We therefore subjected the data to molecular networking, yielding a metabolite-level view of the data. After unique clusters of spectra were merged with MS-cluster, only those spectra with two or more spectra per cluster in the 3000 data sets were considered for further evaluation. This removes many noisy and chimeric spectra from the analysis, as their spectral fingerprints should not be reproduced. In total, 302,847 spectra were passed through MS-cluster filters and merged to make 8155 nodes, representing unique spectra. These nodes, ranging from 190 to 1826 m/z, were then subjected to molecular networking and dereplication (Figure S1a). The network was exported from GNPS and visualized with Cytoscape (Shannon et al. 2003). This visualization (Fig. 1b) is descriptive of the entire MS-visible chemical space from these thousand isolates while still displaying information about individual metabolites. Each node represents a single chemical entity present in one or more extract. Groups of connected nodes describe molecular families, whose parent masses may differ but whose MS/MS spectra are more similar to each other than to any other merged spectrum in the sample set (Nguyen et al. 2013).

Color-coding the network based on extraction solvent revealed molecular level trends that confirm what was seen in the sample-level multivariate analyses. Determining which solvent systems extracted each unique feature (Fig. 1c) shows that ethyl acetate/methanol (1:1) appears to capture the most unique molecules, while acetonitrile/methanol (1:1) provided the second most unique molecules followed by butanol. Likewise, the accumulation of new chemistries (using unique MS/MS spectra as the definition for detecting additional chemistries) with each additional sampling event can be shown as a rarefaction curve (Fig. 1d). These merged rarefaction curves indicate that within each extraction we are approaching saturation of the observable chemical information within the 1000 strains we are investigating but that additional solvent systems provide more observable chemical diversity. The most direct comparison can be drawn between the extractions with ethyl acetate–methanol and acetonitrile-methanol, of which the former contributes most to the overall data set (Figure S1b).

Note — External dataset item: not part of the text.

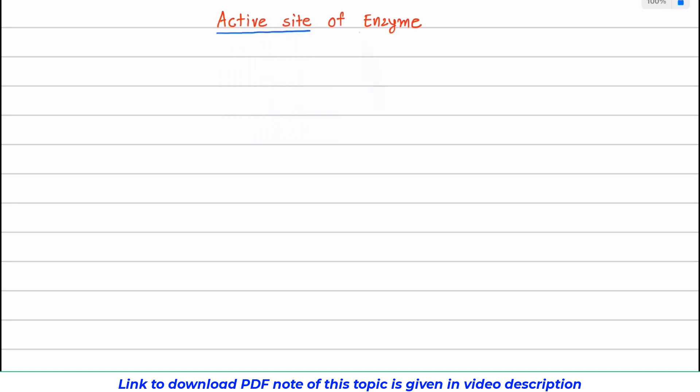In this video tutorial, I am going to discuss about the active site of an enzyme. First, what is an active site? Active site is a special pocket or cleft present on an enzyme.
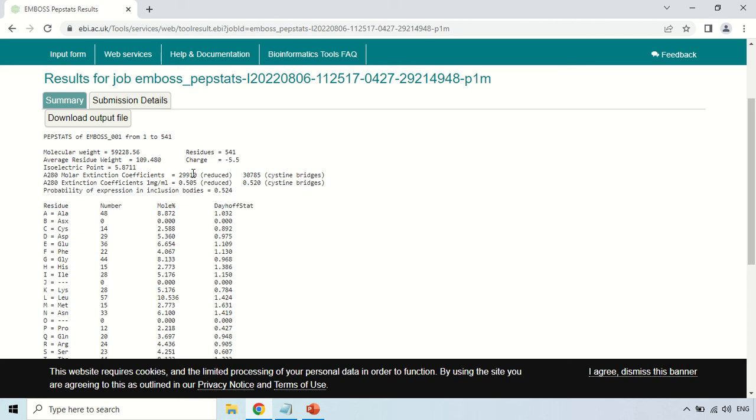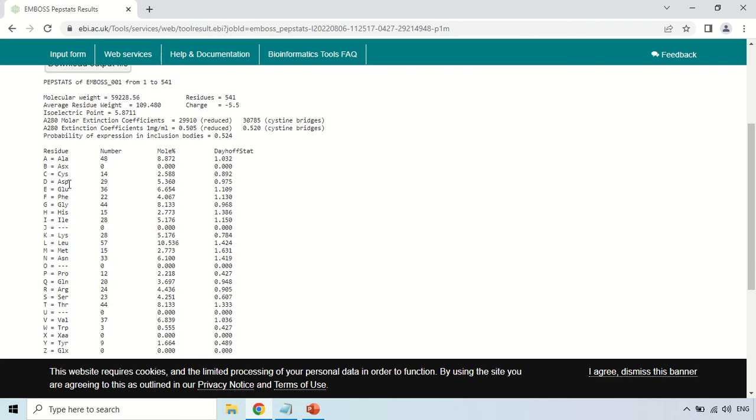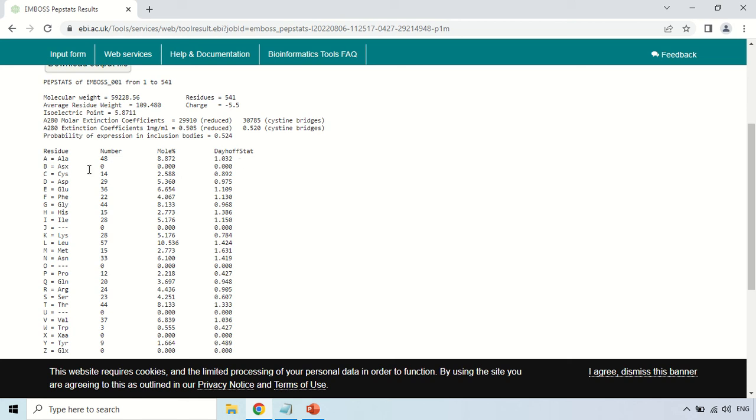Now this is about the amino acid composition of your protein. These are the residues, meaning amino acids. These are their numbers, their molecular percentage, and this is the Dehoff stat. Dehoff stat shows that out of a thousand times how many times a particular amino acid is repeated.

During network generation, consensus spectra were also compared in the same manner to spectra from the libraries available through GNPS. Currently, over two hundred thousand spectra are available on GNPS. This includes over ten thousand in-house spectra generated and curated by the global GNPS community, as well as access to spectral databases like MassBank Japan, Europe and North America, HMDB, ReSpect and we searched the data against NIST 2014. (Horai et al. 2010; Sawada et al. 2012) The dereplication parameters used here are expected to yield low rates of incorrect spectral matching (Wang et al., accepted). In total, 290 of 8145 nodes were dereplicated and are contributed by 85,375 spectra that matched to reference spectra of known molecules. This is a match rate of 3.5 % (based on nodes) and 28 % (based on spectra). These are “level two” annotations according to the metabolomics standards defined in 2007 (Sumner et al. 2007). Due to the similarity driven organization of a molecular network, annotation of any individual chemistry also provides information about the rest of the molecular family (Yang et al. 2013). Taking this into account, molecular networking is able to provide chemical insight for 76 of 919 molecular families within this network representing nearly 19 % of all observed nodes and over 44 % of all spectra (Fig. 1b).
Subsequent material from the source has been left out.